This Public Service Announcement had nothing to do with any offenses which may have led my person towards a prison stay. Nothing at all.
I'm sure it started because of the numerous, generous links many in the litblogging community have afforded me. Those with many more daily visitors than I (not a difficult feat - just making sure those of you to whom I refer don't get all jacked up over the statement), pointing to something I blogged about, getting the EWN name in front of some people.
The it I refer to with word number 3 in the above paragraph is the litblogging version of the Cold Call. An email from somebody I've never heard of, asking if I'd be interested in reading and reviewing their work, possibly interviewing them, linking to their website, etc. Some of these Cold Call E-Mails have led to fantastic discoveries for me. Zaidee Rose, out of the blue sending me a copy of Holiday Reinhorn's Big Cats, or Lauren Snyder sending me a copy of Kirstin Allio's Garner. In both cases however, the publicist in question let me know that they had read many of my reviews, or author interviews and based up my liking XXXX, were sure I'd like what they had to send.
Please, I implore you publicists and authors out there. Do what those two excellent publicists did. Read the literary blogs you are about to send mass emails out to. Don't waste your time making sure you've spelled everything correctly, and have the wording with just the right enticement level in your pitch, if the book you are promoting doesn't have a thing to do with what the blogger(s) in question likes.
It's not that difficult a task - read about one week's worth of posts. Even the slowest of most litbloggers will have enough spread through a single week to give you a solid idea of what they are interested in and most likely to respond positively to.
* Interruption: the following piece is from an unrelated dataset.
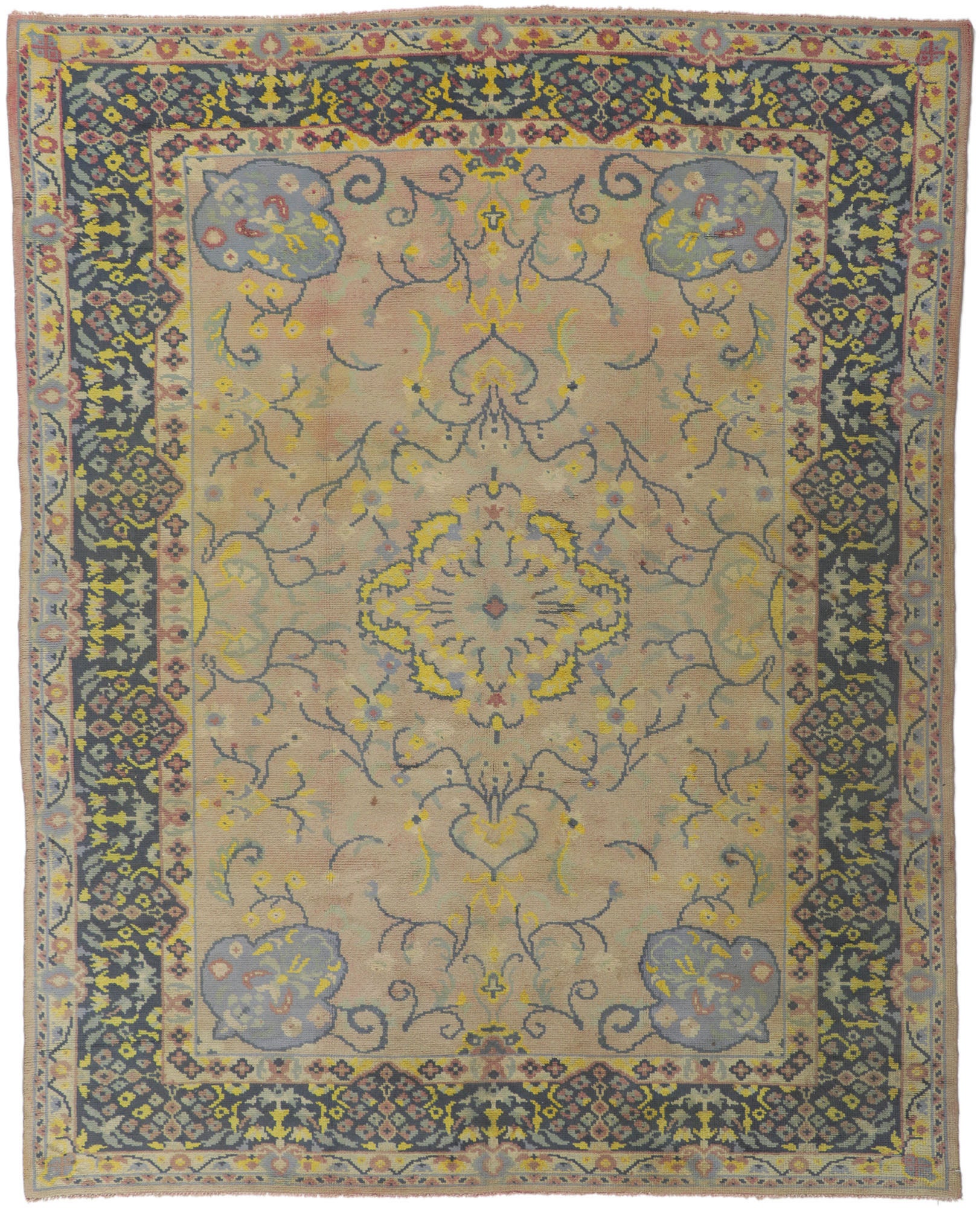 Vintage Turkish Oushak Rug with European Cottage Style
Got a novel with a European feel to it? A bit Byzantine? Try Mark over at The Elegant Variation. How about something with a dash of mystery to it? I'd go with Sarah at Confessions of an Idiosyncratic Mind. Something that's been translated? Why not Michael at The Literary Saloon. A great southern gothic? Try Jeff at Syntax of Things or CAAF at Tingle Alley. A little more Sci Fi? Gwenda at Shaken and Stirred might be interested. (Sorry, no links provided - these folks get enough wild requests without my four readers winging more at them).
I realize that when one uses the name The Emerging Writers Network, one opens themself up to every new writer out there, but really, take a gander at the 300 + reviews at the EWN website and oddly enough, you will have a great deal of difficulty finding the self-help category. You won't find a great breadth of Romance coverage either. So, if that's what you're promoting, you may want to steer clear of the EWN. Just a suggestion. But, I'm sure if you search hard enough, you'll find litbloggers that will jump up and down at the possibility of receiving your email. And, isn't that the reaction you're hoping for when you hit that SEND button?